As director of Multnomah County, Ore., Animal Services Mike Oswald has seen it all, from residents who can manage 40 to 50 dogs on their property, to those who take in more than they can handle. “Most don’t realize the amount of work it takes to properly train and keep an animal,” Oswald says.
He estimates Multnomah County has to keep track of about 142,000 dogs and about 195,000 cats. The county has a limit of four animals per household, a common limit in many communities. “You can have six or seven dogs, but if you do, you are [literally] a kennel,” Oswald says. And, in Multnomah County, you cannot legally operate a kennel in a residential zone.
In many cities and counties, zoning codes make up the backbone of legal pet limits. Pet owners are passionate about the right to have as many animals as they want, while zoning boards want to keep density levels of people and pets even.
Oswald says high-density locations are more likely to place such limits. “Owning animals is one of those things that need codes so that everyone can share a living space,” he says. “If you live in a high-density area, like New York, you’ve got to have codes to keep levels even — noise levels, waste levels, all kinds of levels.”
Some groups have been successful in quashing ordinances and rulings that affect the number of pets communities allow. According to Norma Woolf, editor at Canis Major Publications and president of the Ohio Valley Dog Owners group, most that issue pet limits are doing so under the basic misconception that more pets mean more troubles. “One dog that is irresponsibly owned can be a greater nuisance than five or six dogs who are properly cared for,” she says.
Dusty Rhodes, a county auditor in Hamilton County, Ohio, lives in a community where there are no pet limits. “With 840,000 people, there are bound to be some who are irresponsible pet owners,” Rhodes says. “If someone is going to pass a bill that says you cannot own more than three cats or dogs, what does that ruling do to folks in the community who are responsible?” When local governments cannot uphold the laws governing the quality of care for pets, they often use pet limits as a quick fix, but that is often not a real solution, he says.
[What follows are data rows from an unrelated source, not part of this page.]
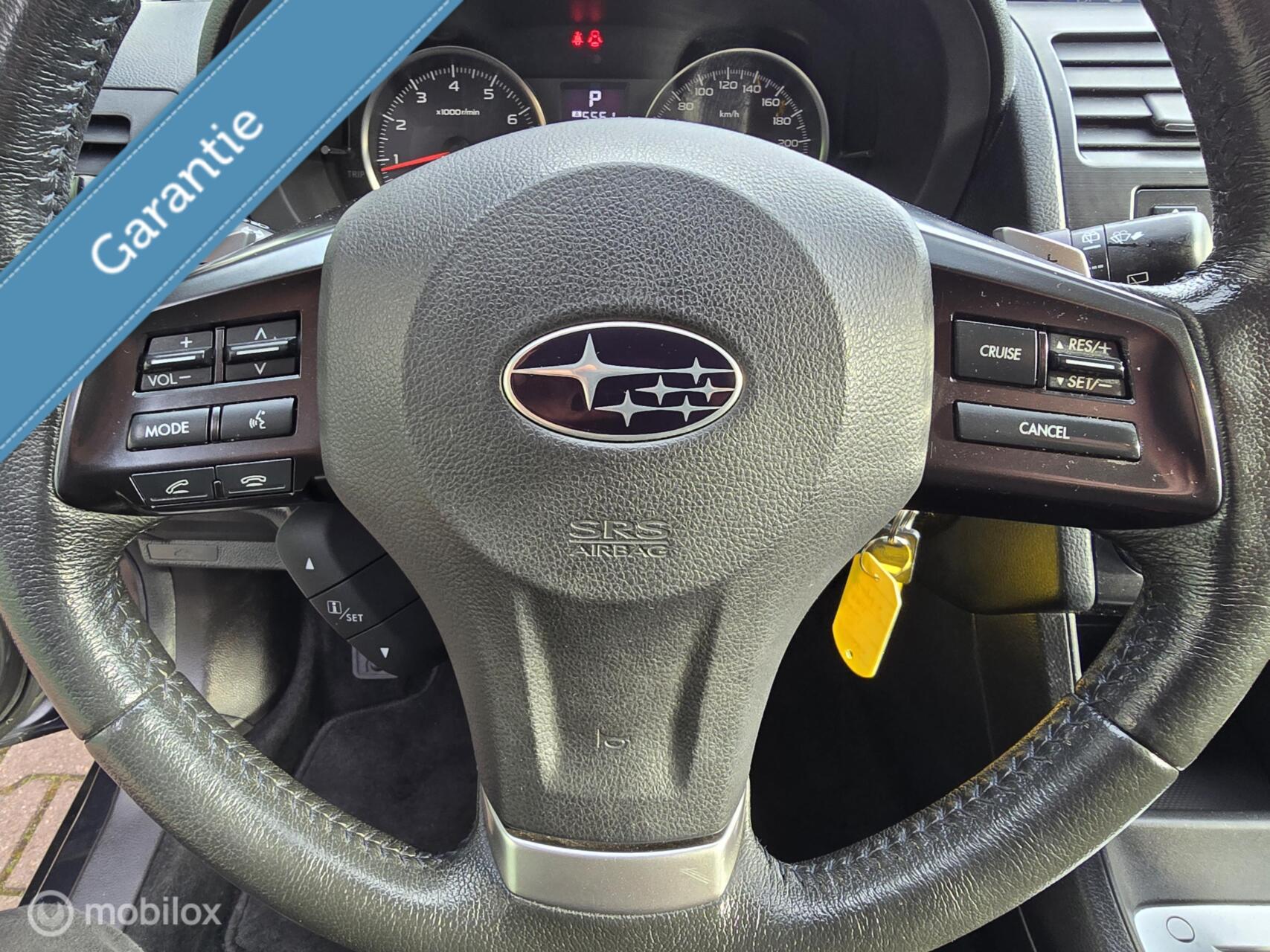 Foto van Subaru Subaru XV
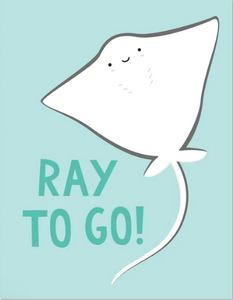 Ray to Go Card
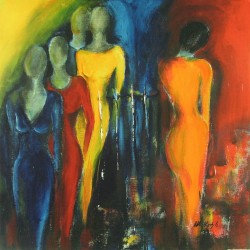 Freizeit by Marianne Korbien-Braun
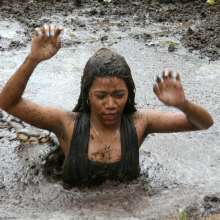 dlodoski: Andrea Exploring a Peat Pit with Drama, Ultimate Edit--Photos
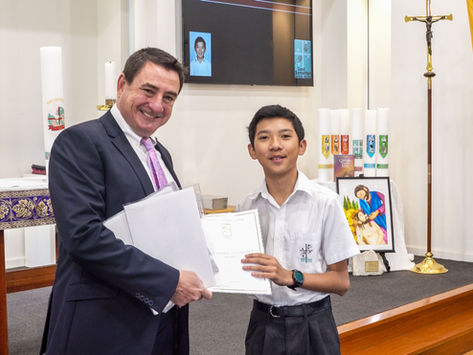 Celebrating the Achievements of our Students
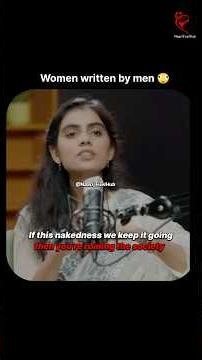 Women written by men🫪|NaariFuelHub| #shorts #inspiring #motivational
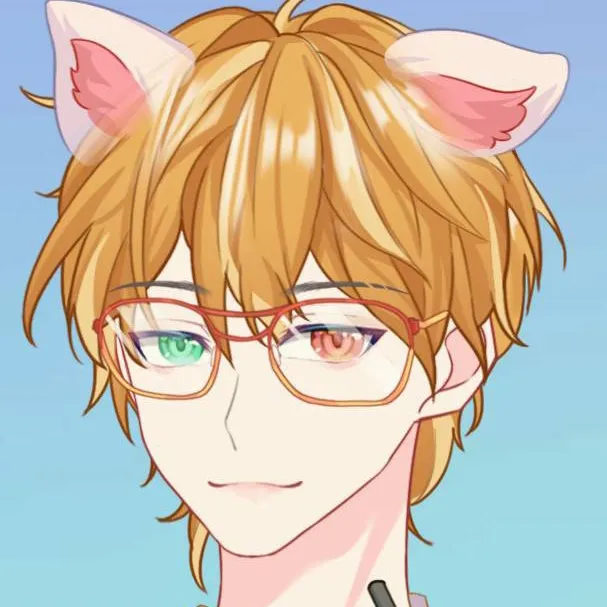 chat with ai character: Anthony (half-cat)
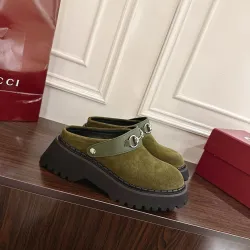Gucci Shoes for Women's Gucci Slippers #B58622 Gucci Shoes for Women's Gucci Slippers #B58622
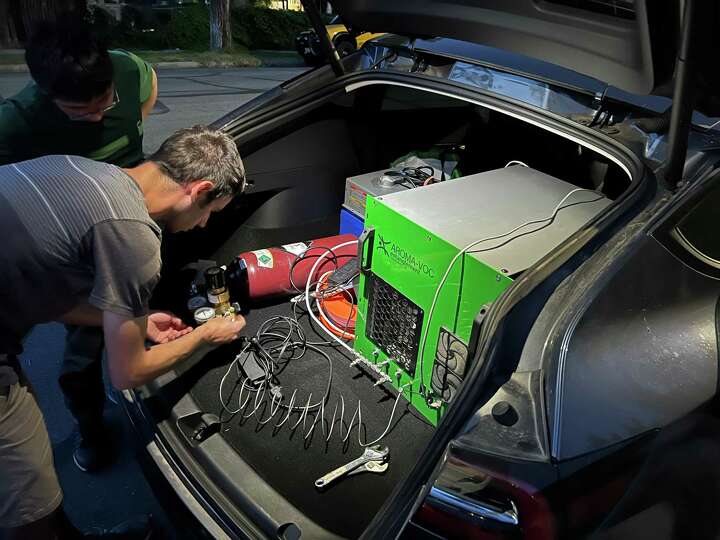 California gas stoves emit cancercausing benzene, new study finds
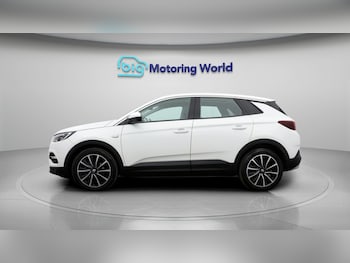 Used Vauxhall Grandland X 2022 for sale - 78742587: Photo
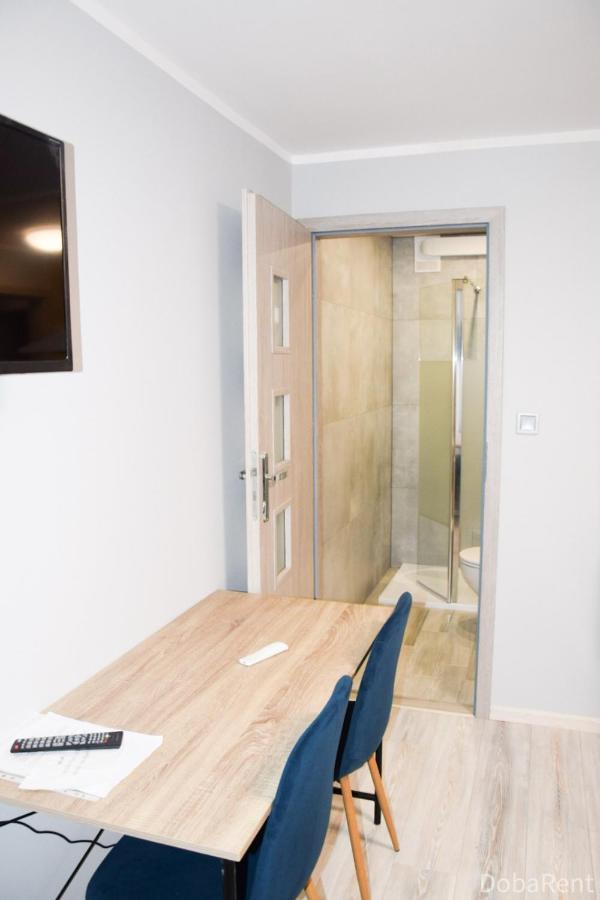 Apartamenty I Pokoje Centrum Pilsudskiego เบียวิสตอก ภายนอก รูปภาพ
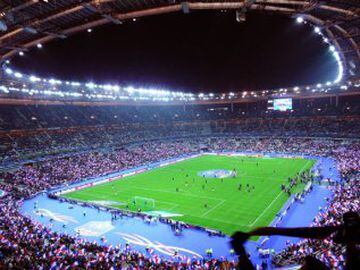16 LUGAR | Stade France ocupa aquel sitial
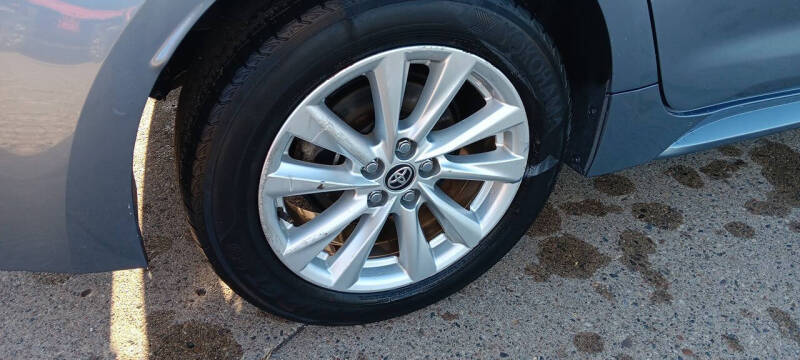 2023 Toyota Corolla Hybrid LE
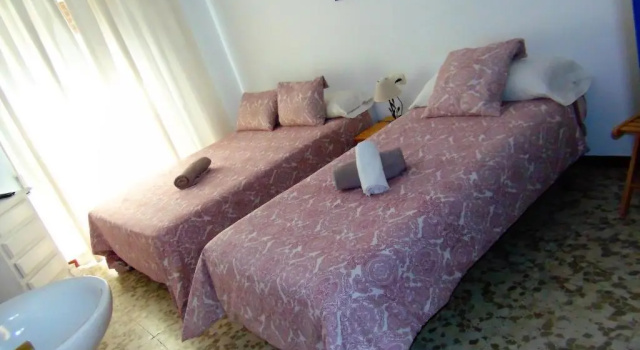 Двухместный номер Standard El Hostal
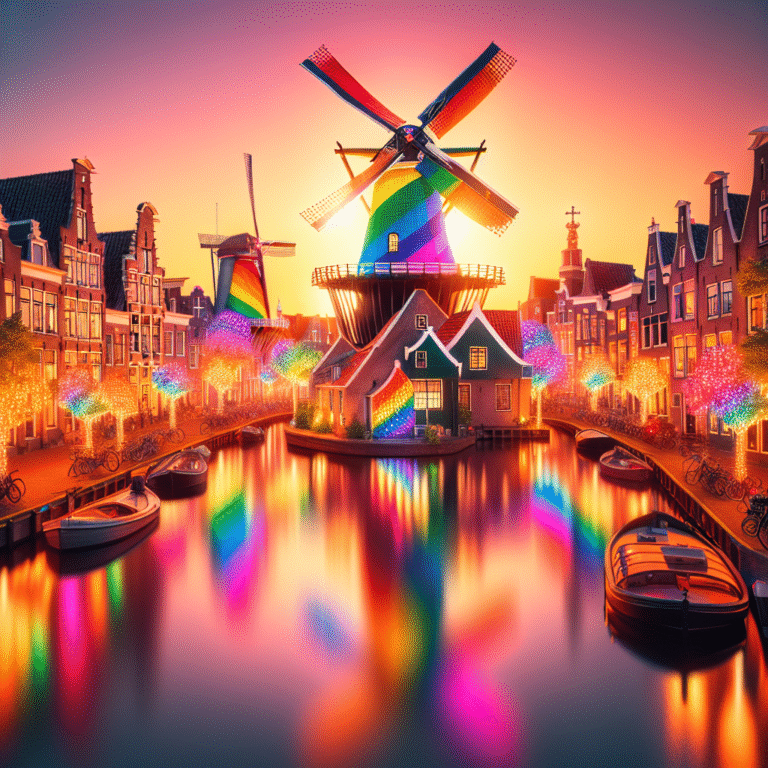 Pride in Breda kan dit jaar plaatsvinden dankzij bijzondere subsidie: ‘Unieke situatie’ Pride in Breda kan dit jaar plaatsvinden dankzij bijzondere subsidie: ‘Unieke situatie’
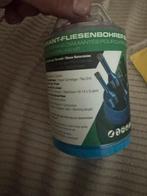 Cutz tegelboor, Ophalen, Zo goed als nieuw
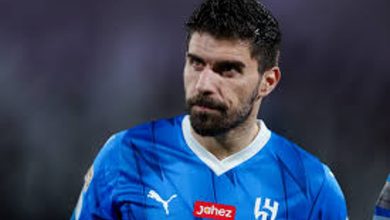 صورة إعلامي رياضي: نيفيز يرفض التجديد مع الهلال.. والنادي يبحث عن بديل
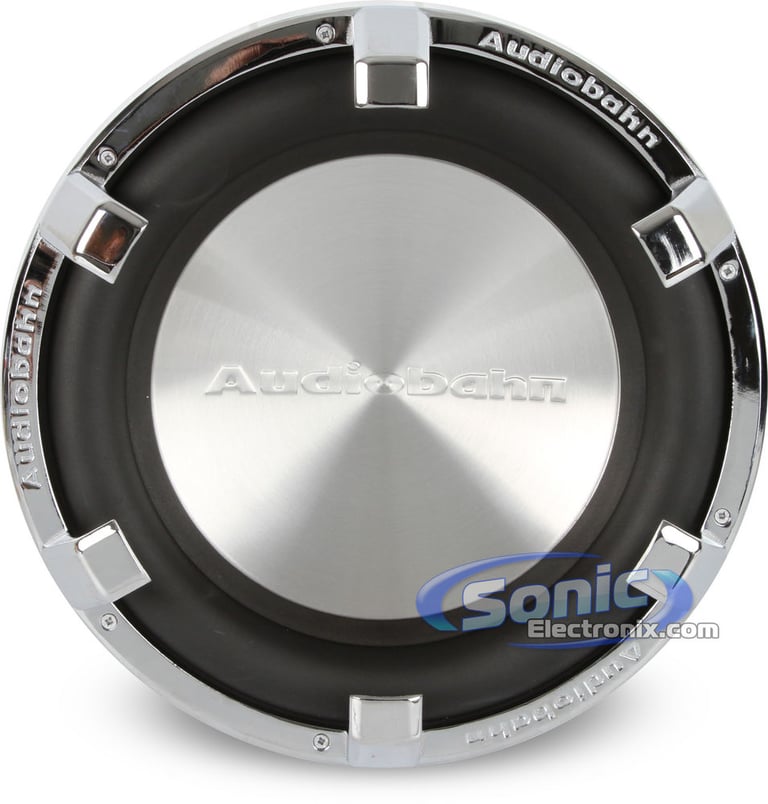 Audiobahn ALUM10N Open Box Image 3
Patti Strand, president of National Animal Interest Alliance (NAIA), says governments should focus on enforcing the negligence and nuisance laws rather than setting pet limits. “If one person’s dog did something harmful or damaging in a community, such as barking or biting, the outcome can be drastic for all pets in that community,” she says. “Controlling nuisance pets is an understandable issue, but these same people who fight for legal pet limits in their communities must learn to understand the concept of the nuisance laws vs. the limit laws.”